扶松一直不知道扶惊衡从暮疆出来的事情,他赶了大夜将事情全部处理好,剩下的堆到五日后,才放心进了朝石台。但没想到扶惊衡已经先去了扶春江,如今扶州无主一事尚未公开,他得趁着这段时间去探探扶春江如今的形势。
朝石台修炼的第一日便这般过去了,不过总是不会平静的——穆壹在今日晚膳过后得知了待泽身死的消息。
“你说什么?!待泽?!”
这个消息就是惊雷直劈穆壹双耳,电流顺着浑身经脉流动,让他只觉得全身发麻,脑子当中只剩下这一句话回荡。
他情绪激动,手中青筋暴起,拍案而起,茶水四溅,不敢相信的看着来禀报的弟子,手中的拂尘都摔在了地上,发出一声脆响。鲜少有人能看到拾兰君如此失态的模样。
那可是他收的亲传弟子!
看着弟子呈上来的带着血迹的大弟子玉竹,上面的血已经干涸了,待泽的名字一半浸在暗红里,一半还是原本的青绿。穆壹只觉得心如刀绞,这玉竹是他亲手给待泽带上的,看着玉竹甚至能想到他当时拜入自己座下时稚嫩的模样。
寻常六七岁的孩子都会怯生生的看着陌生人,规矩也是一知半解的。但是待泽很聪明,一点就通,跪在大殿上身板挺得笔直,像是傲然生长在大殿上的翠竹。

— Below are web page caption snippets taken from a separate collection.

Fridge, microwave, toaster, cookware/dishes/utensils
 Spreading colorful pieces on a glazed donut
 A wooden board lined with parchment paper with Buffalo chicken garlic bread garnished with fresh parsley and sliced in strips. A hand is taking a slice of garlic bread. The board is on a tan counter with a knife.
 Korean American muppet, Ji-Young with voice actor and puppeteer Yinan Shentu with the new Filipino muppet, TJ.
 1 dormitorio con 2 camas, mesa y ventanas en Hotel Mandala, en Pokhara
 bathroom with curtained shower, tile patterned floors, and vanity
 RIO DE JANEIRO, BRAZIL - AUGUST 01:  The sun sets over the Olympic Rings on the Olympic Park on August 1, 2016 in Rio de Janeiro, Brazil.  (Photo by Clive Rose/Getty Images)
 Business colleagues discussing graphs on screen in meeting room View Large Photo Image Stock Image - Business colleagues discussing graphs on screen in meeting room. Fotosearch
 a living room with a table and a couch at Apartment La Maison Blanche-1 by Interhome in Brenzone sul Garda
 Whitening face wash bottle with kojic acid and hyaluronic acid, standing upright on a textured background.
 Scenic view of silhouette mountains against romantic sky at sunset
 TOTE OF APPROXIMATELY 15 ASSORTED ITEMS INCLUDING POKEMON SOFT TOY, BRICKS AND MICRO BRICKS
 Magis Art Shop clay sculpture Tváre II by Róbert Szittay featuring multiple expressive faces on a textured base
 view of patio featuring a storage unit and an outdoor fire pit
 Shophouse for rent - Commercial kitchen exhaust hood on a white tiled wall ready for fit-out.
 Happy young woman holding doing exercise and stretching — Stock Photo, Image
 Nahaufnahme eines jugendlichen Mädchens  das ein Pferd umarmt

多年来待泽一直深得他心,修炼形影不离跟在自己身侧,不论是修为亦是人品都是极好的孩子,怎么可能就这般轻易的死在了朝石台外的树林当中!
“谁杀的?是谁杀的!”
弟子没见过自己州主如此失控,说话有些不利索,支支吾吾的说了半天才说清楚,“身,身上的伤和灵力残留……是,寒州主的……”彼时压下消息,浮光山除了当时在场且有神志的人,其余人尚不知晓寒光暮一事。
穆壹拂尘回握手中,挥向一侧拂丝化作利刃长剑,劈烂了桌上的花瓶,顿时水流四溅,碎片叮铃哐啷的掉了一地。
暮石,好你个暮石!
如风一般来至院门,抬腿出门那一刹眼前闪过望若絮的脸,想到自己曾经的劝导。兹事体大……不可贸然行动……
一剑挥在门框上,剑气将院子围墙摧毁了一半。
“出去吧,此事本君有分寸。”
弟子哆哆嗦嗦的跑了出去,留下穆壹对着满院狼藉平息情绪。
他是穆州之主,居天下正道,守朝域律法……不可如此……不可!可那是他的亲传弟子待泽!
气血上涌,体内的天方尺异动到底是没有压住,穆壹嘴角溢出鲜血,他扶住胸口控制体内灵气流动,以剑抵地,半跪在石砖上。过了良久,穆壹嘴角血迹都不在流动了,天方尺才逐渐稳定下来。
哪有什么链接深厚,不过是他为了提升修为用了秘法,强行将自己与天方尺捆绑,自此融入骨血神识,除非身死绝不脱离,这也意味着他一辈子都将恪守天方尺所认同的戒律法规。
永远不可违逆。
他慢慢回到位子上,单手撑着额头,像是刚刚一剑用掉所有力气,脑海中不断闪现着待泽的脸,他一手教大的孩子……怎么一夜之间就没了呢?